> _Task goal_:
Here the job is to retype the data word for word while leaving the pictures aside.

> _Supplied material_:

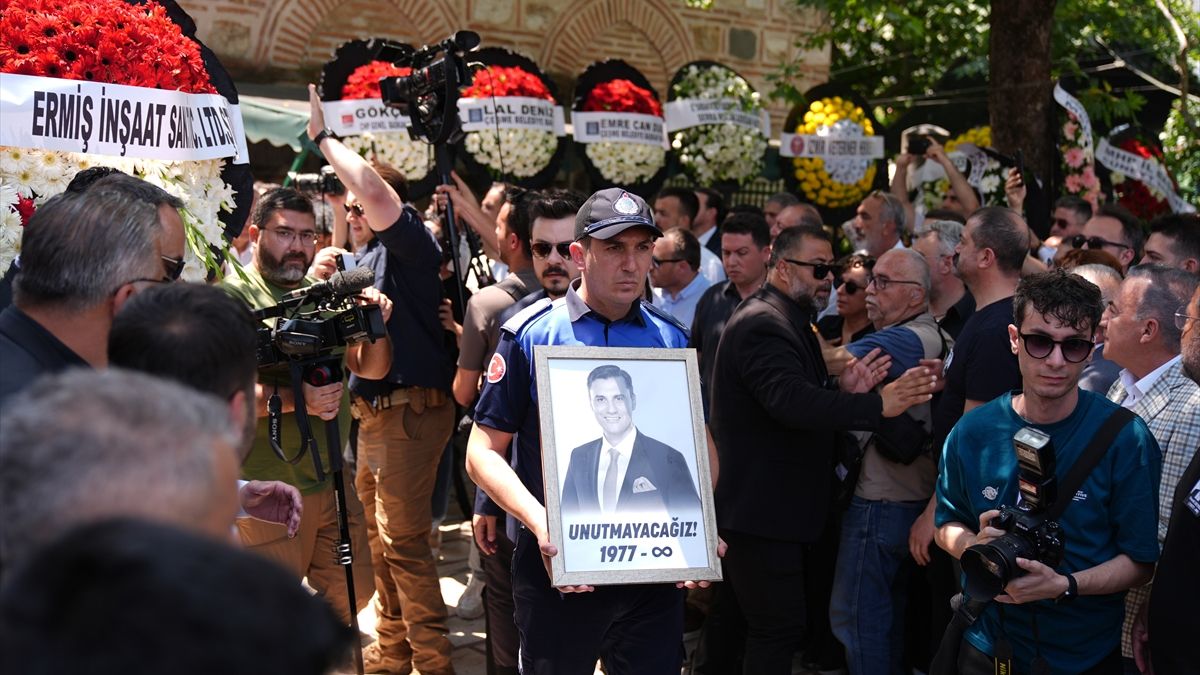 Ferdi Zeyrek son yolculuğuna uğurlandı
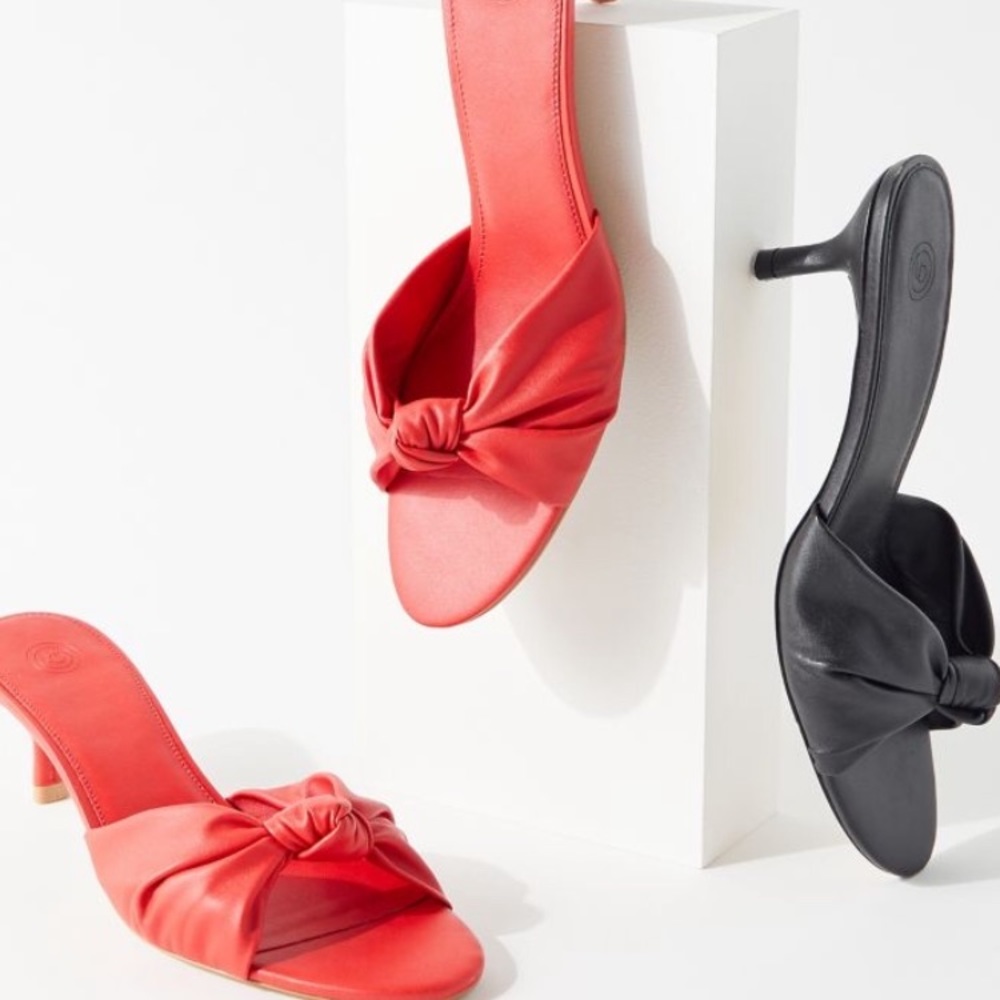 Urban Outfitters Sofia Kitten Heel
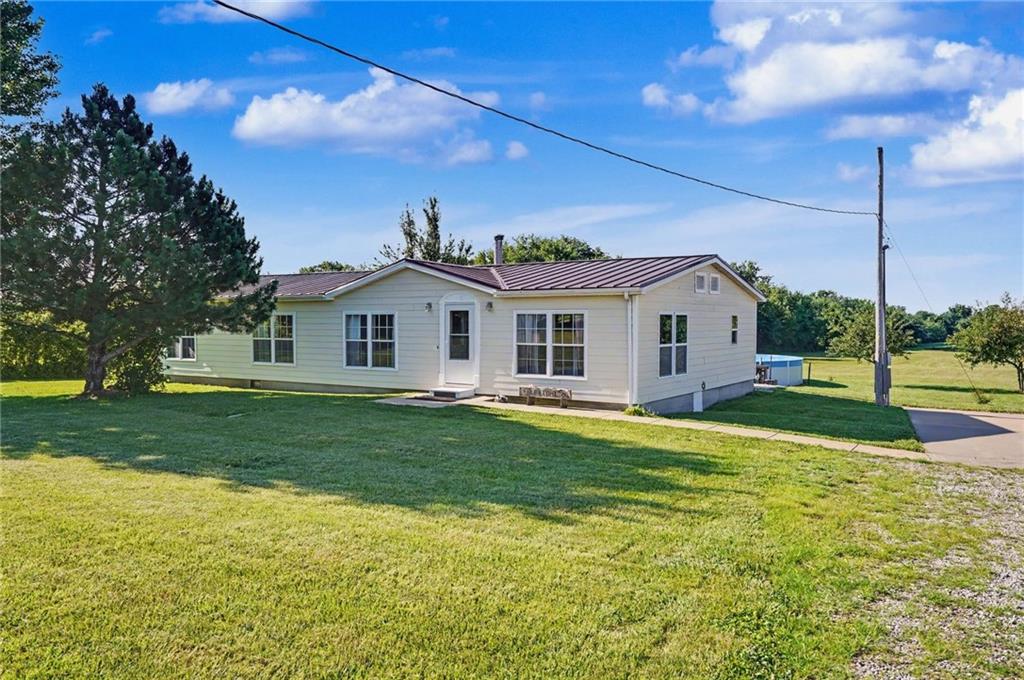 3762 Thomas Rd Thomas Road, Wellsville KS
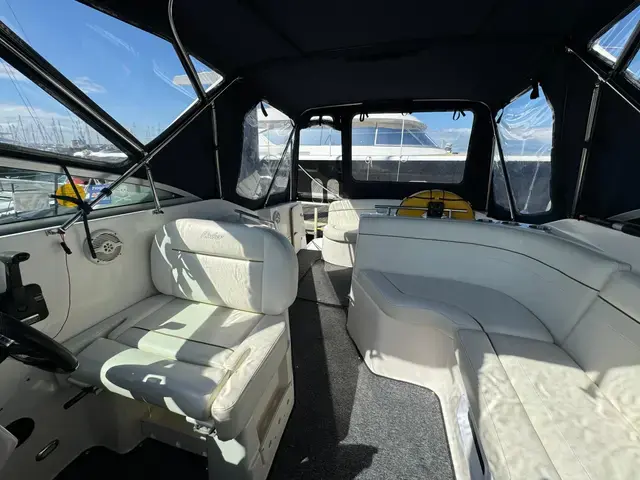 Rinker 270 Fiesta Vee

> _Answer to the exercise_:
 Ferdi Zeyrek son yolculuğuna uğurlandı
 Urban Outfitters Sofia Kitten Heel
 3762 Thomas Rd Thomas Road, Wellsville KS
 Rinker 270 Fiesta Vee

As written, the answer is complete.